The most disappointing Kindle by far is the Paperwhite.  I have wanted lights built into the bezel since getting my K2.  When I saw the technology was in the works I prayed it would end up in the Kindle.  After the rumor came out the front lit Kindle, I googled Kindle news every day for the latest release rumors.  The screen is leaps and bounds better than any eReader I have ever seen.  Without page turn buttons I am having a hard time holding and operating it with one hand because my hands are so small and for me one handed use is for an eReader used outside the house is essential.  The strap in the case I use easily becomes undone holding it on the left side and Amazon has taken out the four way screen rotation so it is not easy to switch to my right hand to give my left hand a rest.  If this had page turn buttons it would be by far my favorite Kindle.  As it is, it is like a slap in the face from Amazon; they made the eReader I have been dreaming of for years in a form package that is hard for me to use and removed the feature (180 degree rotation) that would make it a little easier.


----------



## luvmy4brats (Nov 9, 2008)

I've also owned them all. I loved my K1, but I thought it was ugly and clunky. I wasn't a huge fan of the K2, but loved the K3/KK. I also loved the Baby K and Touch but wanted something that combined the two. I think the PW has done a fantastic job of that. It has all the features I'm looking for in an ereader. (Well, except for a better way of organizing, but I deal with that)


----------



## lindnet (Jan 25, 2009)

I loved the K1, still miss it a little.  I skipped the K2, but had a K3.  It was ok, but I didn't use the keyboard, so it was a waste of space to me.  I adore my K4!  It's so lightweight and tiny, love the page turn buttons and the non-touch screen (I can pick it up however I like, no page turns), it's perfect for what I want....a basic e-reader.

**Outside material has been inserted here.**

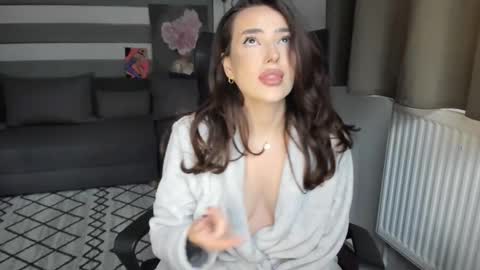 Snapshot of iamababygal chatting on 10-14-25, 06:36 Baby Gal online show from 10-14-25, 06:36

I got a PW and tried it out, but couldn't get past the uneven lighting and the heavy weight of it, so I returned it.  My baby K4 is very happy that I chose it over all the others.


----------



## derek alvah (Jul 2, 2010)

The basic Kindle is my favorite of all the Kindles I've had. Only use keyboard when making collections, so doing away with it was a plus for me. No keyboard means it's smaller, so that's another plus for me. Great screen/contrast. New black bezel gives the illusion of a lighter screen. And I like buttons over touch. Never had the desire to read in the dark, so no need of a light either portable or built in. For me that's just one more thing to fiddle with or have to adjust instead of just picking up my kindle and reading.I picture myself with a PW and instead of reading I'm just sitting there playing with the light settings, sliding it up and down. I'm easily distracted. 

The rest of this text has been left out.